-- Opening Marker --

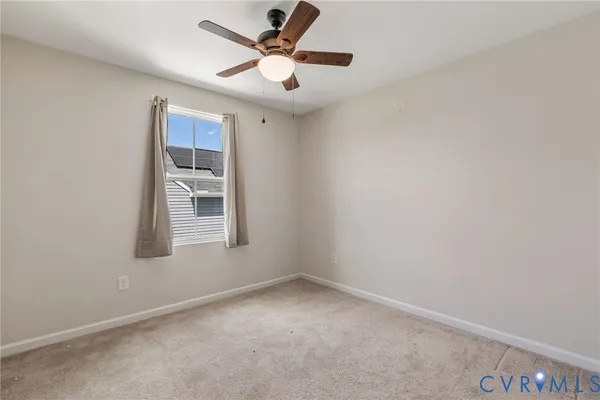 $495,000 | 104 Calais Street, Williamsburg, VA 23185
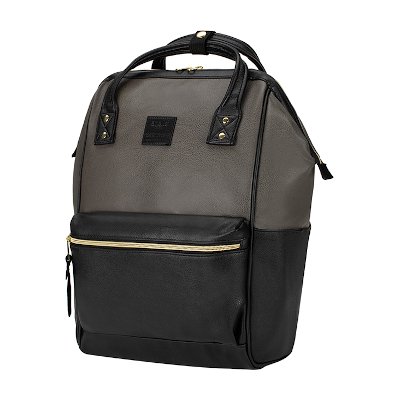 Anello Mini กระเป๋าเป้สะพายหลัง รุ่น AT-B1212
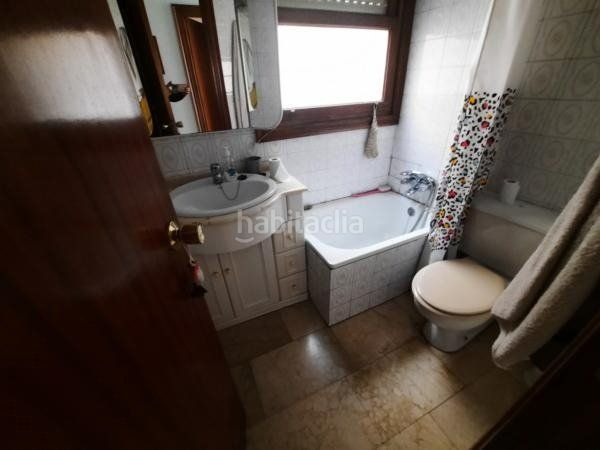 Foto f9375821-6303-4170-983d-5ab19e1afee8. Pis a Novelda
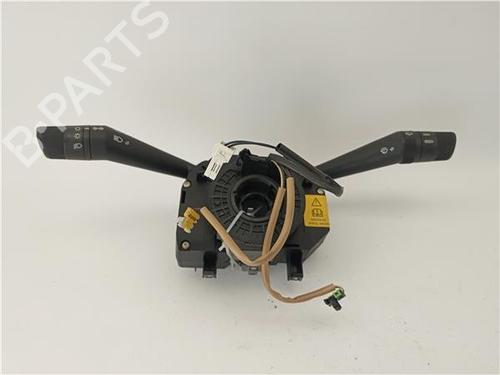 Used Switch Switch FIAT GRANDE PUNTO (199_) [2005-2026] 34287490 34287490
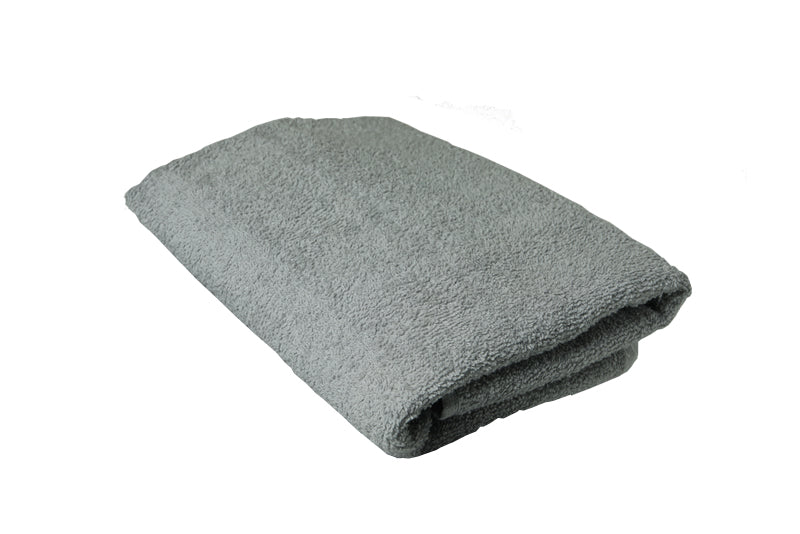 GOOP Odour Eliminator 500ml Plus FREE Microfibre Cleaning Cloth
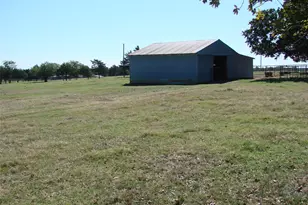 34 Denton Rd, Gordonville, TX 76245 - Photo 15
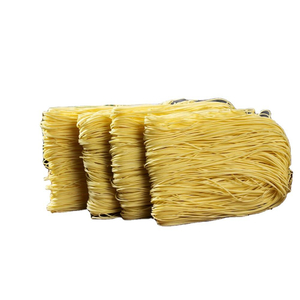 easy recipes with egg noodles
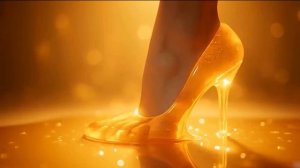 Video created by a AI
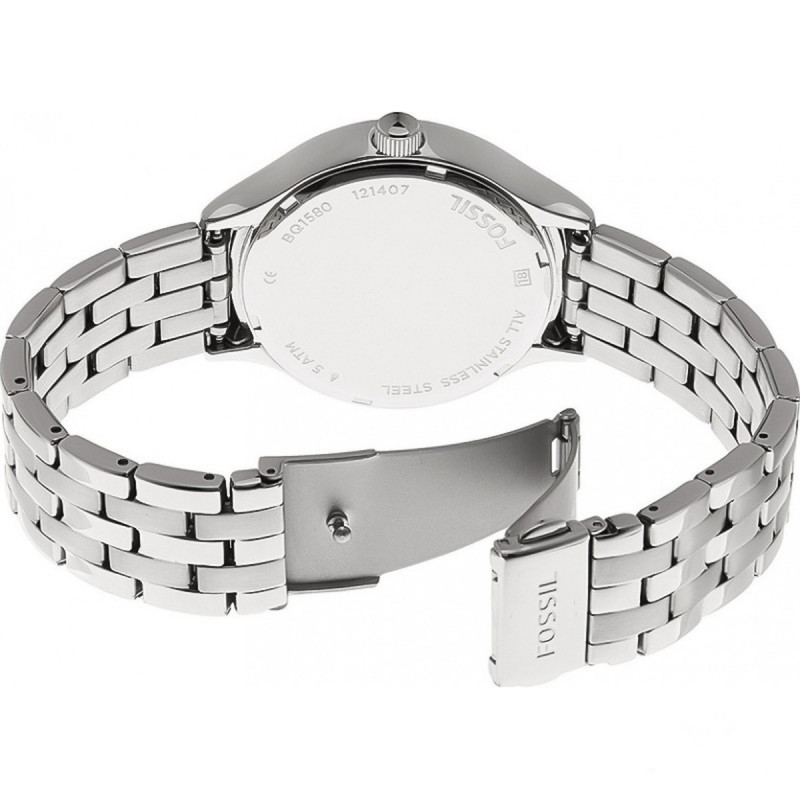 FOSSIL RUCNI SAT BQ1580 
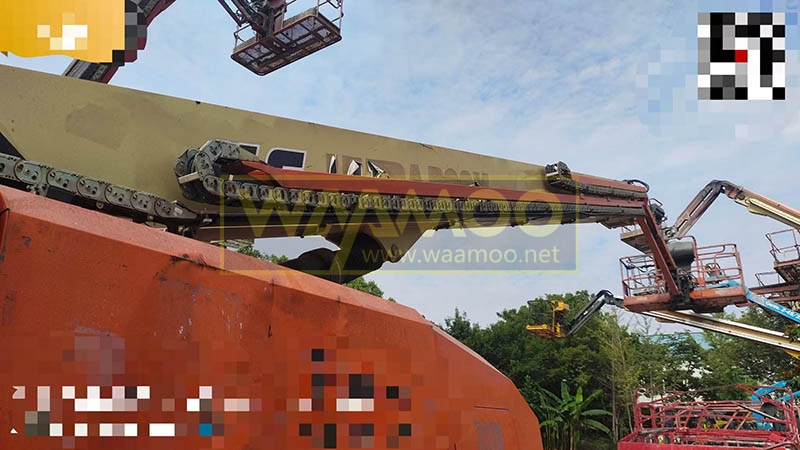 微信图片_20251106140435_5351_14 拷贝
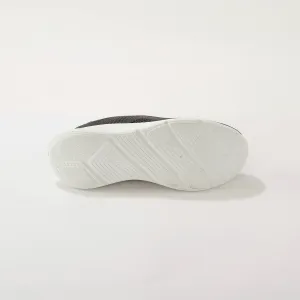Ľahké slip-on tenisky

-- Closing Marker --

_Task objective_
Where pictures appear, omit them, and transcribe exactly, with nothing else, the lines from the line with "Used Switch Switch" through the final line of the records above, both ends included.

_Response below_
 Used Switch Switch FIAT GRANDE PUNTO (199_) [2005-2026] 34287490 34287490
 GOOP Odour Eliminator 500ml Plus FREE Microfibre Cleaning Cloth
 34 Denton Rd, Gordonville, TX 76245 - Photo 15
 easy recipes with egg noodles
 Video created by a AI
 FOSSIL RUCNI SAT BQ1580 
 微信图片_20251106140435_5351_14 拷贝
Ľahké slip-on tenisky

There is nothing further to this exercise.